SettingDescriptionRequired
Name / Display Label / DescriptionSame as above. Name and Display Label required; Description optional.See above
SubtypeOne of the built-in checks below.Yes
Include ReasoningWhen on, failure details (e.g. the unmatched keyword, the schema error, the PII breakdown) are stored with the result and shown on hover in the Data Explorer.No (default off)

Subtypes:

  • Exact Match — compares the evaluated target against a reference field. When you attach this criterion to a node you must pick both a target and a reference. Config options:
    • case_sensitive (default true)
    • strip_whitespace (default false)
    • normalize_unicode (default false)
  • Regex Match — matches the target against a regex.
    • pattern (required)
    • flags — any of IGNORECASE, MULTILINE, DOTALL
    • invert — pass when the regex does not match
  • Contains Keywords — checks whether the target contains a list of keywords.
    • keywords (required list of strings)
    • modeany (pass if any keyword appears), all (pass only if all appear), none (pass only if none appear)
    • case_sensitive (default true)
  • JSON Validity — parses the target as JSON. If a JSON Schema is provided, the parsed value is additionally validated against the schema. Without a schema, only parse-ability is checked.
  • PII Detection — LLM-based PII leakage detection (not regex). Uses DeepEval's PII leakage metric under the hood.
    • model (optional; defaults to the platform PII detection model)
    • threshold — 0–1, default 0.5. DeepEval's PII leakage score scale: higher = less PII leaked (1.0 = no PII found, 0.0 = all PII leaked). The check passes when score ≥ threshold. The default 0.5 means: if the assessment indicates the response is at least half-clear of PII concerns, the check passes. Raise the threshold for stricter privacy requirements.

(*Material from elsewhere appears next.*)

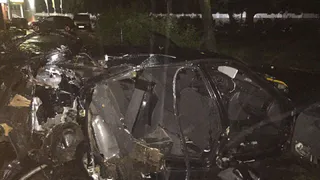 На Халтурина автомобиль с чужими номерами  влетел в дерево, есть пострадавшие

Prompt templates (LLM Judge)

An LLM Judge criterion's Prompt Template is a Markdown text area. Because criteria are reusable across pipelines, you don't map specific field targets at template creation time. Instead, you write general judging instructions and optionally use {{…}} placeholder variables in the template — these are mapped to actual fields later when the criterion is added as a field in a pipeline.

Creating a criterion

  1. Go to Evaluations → Criteria.
  2. Click New Criterion.
  3. Fill in Name, Display Label, and Type. Description is optional but recommended.
  4. Configure the type-specific settings in the Configuration panel.
  5. Click Save.

The criterion immediately becomes available in the library at version 1.

Editing and versioning

Open a criterion from the library and click Edit.

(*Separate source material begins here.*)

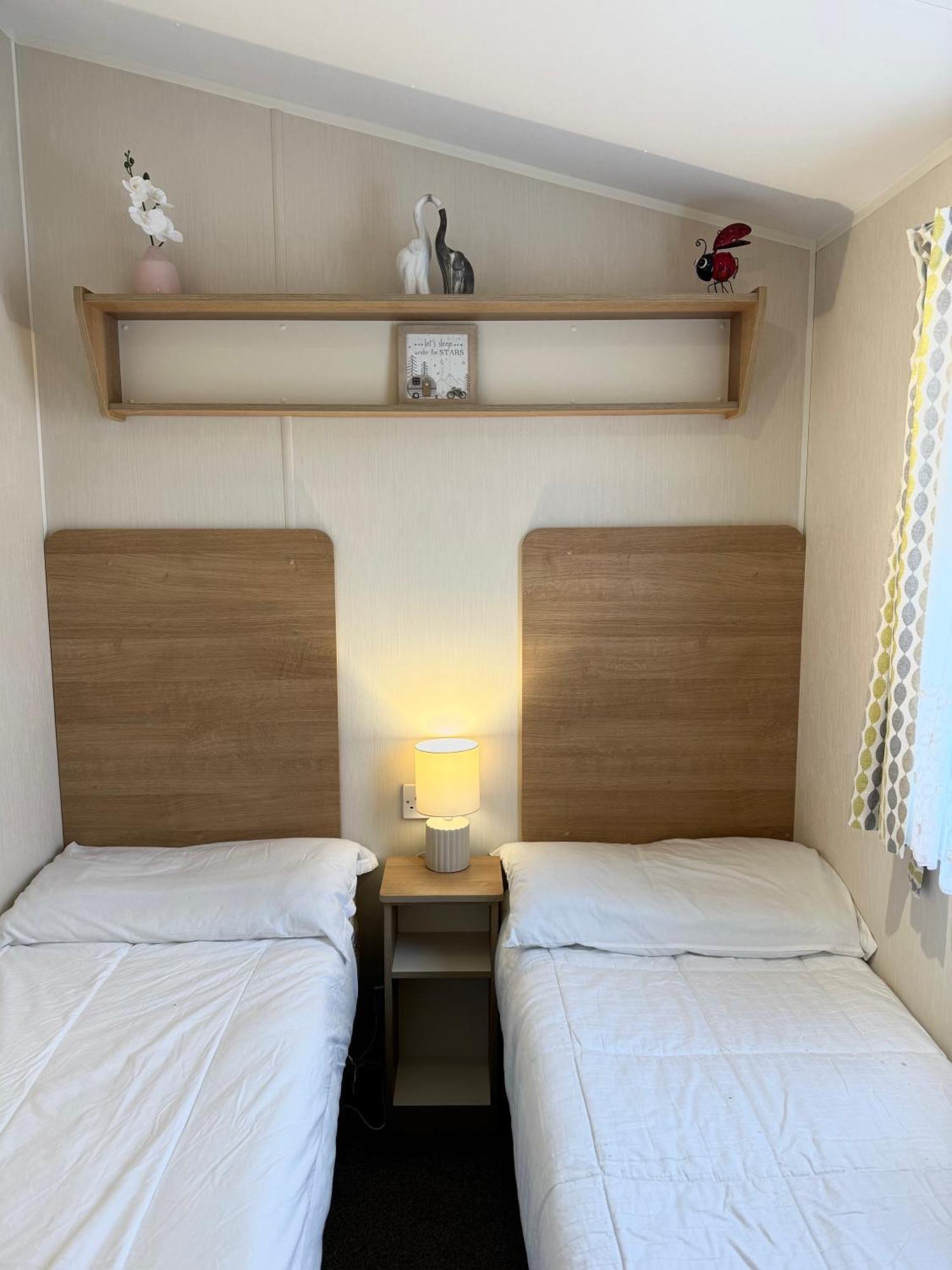 Oaken Caravan - Golden Sands Away Resorts Kinmel Bay 외부 사진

A new version is created when any of these change on save:

  • Display label
  • Config (prompt template, model, temperature, programmatic subtype settings, etc.)
  • Output schema (output type, range, categories, etc.)

These do not bump the version when edited on their own:

  • Name
  • Description

The current version number is shown on the criterion detail page. Past versions are listed in the Versions card, where you can inspect what each looked like at the time.

When a criterion version bumps, the platform automatically:

  • Bumps the version of every Evaluation that includes this criterion and repoints the evaluation's internal reference to the new criterion version.
  • Does not automatically bump pipelines that use the criterion. They continue running against the version they were pinned to when the pipeline was last edited; re-open and re-save the pipeline to pick up the newer version.

Existing evaluation results remain attached to the criterion version that produced them.

Deleting and archiving

  • Clicking Delete on a criterion that is not used anywhere removes it permanently.
  • Clicking Delete on a criterion that is in use (referenced by any evaluation or pipeline) archives it instead. A confirmation dialog shows exactly how many evaluations and pipelines reference it before you confirm.
  • Archived criteria do not appear in the default library list. Click the archive icon in the sidebar header to show or hide archived items.
  • Archiving does not change or invalidate existing results.

Usage tracking

The criterion detail page shows where the criterion is used, broken down by version: which evaluations include it and which pipelines have it as an evaluator.